興奮しすぎて写真を撮り忘れたけれど、2本を同じ指にしてもものすごくハマっていた。これ以上ないくらい、ベストな組み合わせ。1本ずつでももちろんいいんだけど、相乗効果の凄まじさたるや。こんなの、本当に見たことない。全身鏡で見たら、指先がほわっと発光している。


え…っと。今日、社会科見学のつもりだったんですけどね?


ちょっと待って。


キョウ、ポップアップ、サイゴ。

アシタ、オミセ、ナイ。


「今日は買わずに帰って考えます」って、言えない。特にフルエタニティはインポートの完全なる1点もので、売れてしまったらもう金輪際会えないそう。パールも天然物だから同じ形のものはないし、いつかまた同じデザインで作ったとしても、市況を考えるとこの価格ではもう出せないと(言うて私にはひと財産分)。

フルエタニティ1本しか見ていなかったら、多分、えいやと決心できた。でも、パールにも同じくらい心奪われてしまった。2本買うって、あんた、流石にそれは。じゃあどっち?って、あーーー、ええーーーー、ううううううーーーー。
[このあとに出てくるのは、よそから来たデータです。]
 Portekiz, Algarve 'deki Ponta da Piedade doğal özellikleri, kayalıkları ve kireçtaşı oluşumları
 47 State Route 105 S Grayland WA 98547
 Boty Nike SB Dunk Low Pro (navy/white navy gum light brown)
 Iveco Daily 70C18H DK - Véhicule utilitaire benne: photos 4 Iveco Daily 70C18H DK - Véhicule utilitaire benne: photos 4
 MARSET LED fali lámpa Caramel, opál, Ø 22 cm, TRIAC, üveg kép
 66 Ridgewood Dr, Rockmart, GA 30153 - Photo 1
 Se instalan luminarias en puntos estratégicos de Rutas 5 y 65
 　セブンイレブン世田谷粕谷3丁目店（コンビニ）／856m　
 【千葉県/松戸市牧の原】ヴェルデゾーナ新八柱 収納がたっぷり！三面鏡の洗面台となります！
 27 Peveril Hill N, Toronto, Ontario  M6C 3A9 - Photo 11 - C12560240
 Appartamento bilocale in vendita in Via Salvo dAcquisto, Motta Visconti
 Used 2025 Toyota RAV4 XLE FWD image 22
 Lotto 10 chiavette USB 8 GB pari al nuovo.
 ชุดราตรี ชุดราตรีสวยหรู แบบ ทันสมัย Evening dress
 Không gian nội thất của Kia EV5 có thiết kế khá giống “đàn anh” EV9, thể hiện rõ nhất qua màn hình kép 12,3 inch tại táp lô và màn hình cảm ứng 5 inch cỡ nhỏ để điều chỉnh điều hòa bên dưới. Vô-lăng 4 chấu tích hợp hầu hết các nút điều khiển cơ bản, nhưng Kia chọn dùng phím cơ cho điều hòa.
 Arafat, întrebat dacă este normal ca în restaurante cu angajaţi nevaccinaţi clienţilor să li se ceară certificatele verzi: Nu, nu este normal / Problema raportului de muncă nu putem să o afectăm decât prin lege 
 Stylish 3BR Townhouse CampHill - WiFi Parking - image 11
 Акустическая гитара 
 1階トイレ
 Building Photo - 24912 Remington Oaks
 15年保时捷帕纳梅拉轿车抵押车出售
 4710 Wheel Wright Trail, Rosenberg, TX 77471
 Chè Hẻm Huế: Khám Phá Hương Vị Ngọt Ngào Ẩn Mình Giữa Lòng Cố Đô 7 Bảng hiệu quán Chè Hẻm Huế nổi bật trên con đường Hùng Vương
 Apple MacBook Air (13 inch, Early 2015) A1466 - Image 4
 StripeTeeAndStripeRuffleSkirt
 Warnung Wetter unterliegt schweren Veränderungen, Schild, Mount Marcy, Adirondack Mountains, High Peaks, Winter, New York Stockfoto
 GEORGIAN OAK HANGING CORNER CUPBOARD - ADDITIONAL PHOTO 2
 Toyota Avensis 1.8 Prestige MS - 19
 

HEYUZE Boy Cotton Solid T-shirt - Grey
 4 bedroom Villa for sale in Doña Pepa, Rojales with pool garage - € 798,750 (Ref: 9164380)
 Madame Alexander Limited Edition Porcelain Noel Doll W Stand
幸運の女神は前髪しかないって、ほんとだったんだね。しかも、同時に2人…!


フリーズする私を前に、むっちゃんさんが優しく微笑んだ。

「スタバ、あっちにありますよ」

ここは一回、撤収だ。

***

売り場を離れて外の風に当たったことで、少し冷静さを取り戻した。スタバで席について、キャラメルマキアートを一口啜った瞬間、思った。

そんな、一度に装備全部揃えなくても良くない?

自分でちゃんとしたアクセサリーを買うのなんて、人生でせいぜい2回目だ。私の自問自答ファッションは今始まったばかりで、コンセプトだって決まっていない。そんな、いきなり完成形を目指さなくたっていいじゃない。

じゃあ、何も買わずに帰るって選択肢はある?

シンプルな結婚指輪が1本だけ嵌った自分の手を眺めて、「寂しいな」と思った。ほんの数時間前までは当たり前の光景だったのに、この指にあのリングがないなんて、寂しい。一度そう思ってしまったということは、帰ってもおそらく残像は消えない。ならば、どちらかを連れて帰ろう。

これは、究極の2択。ある種の訓練だ。

noteの下書きには、コンセプトの元になりそうなキーワードがいくつかメモしてあった。試しにそれと照らし合わせてみよう、と思いつく。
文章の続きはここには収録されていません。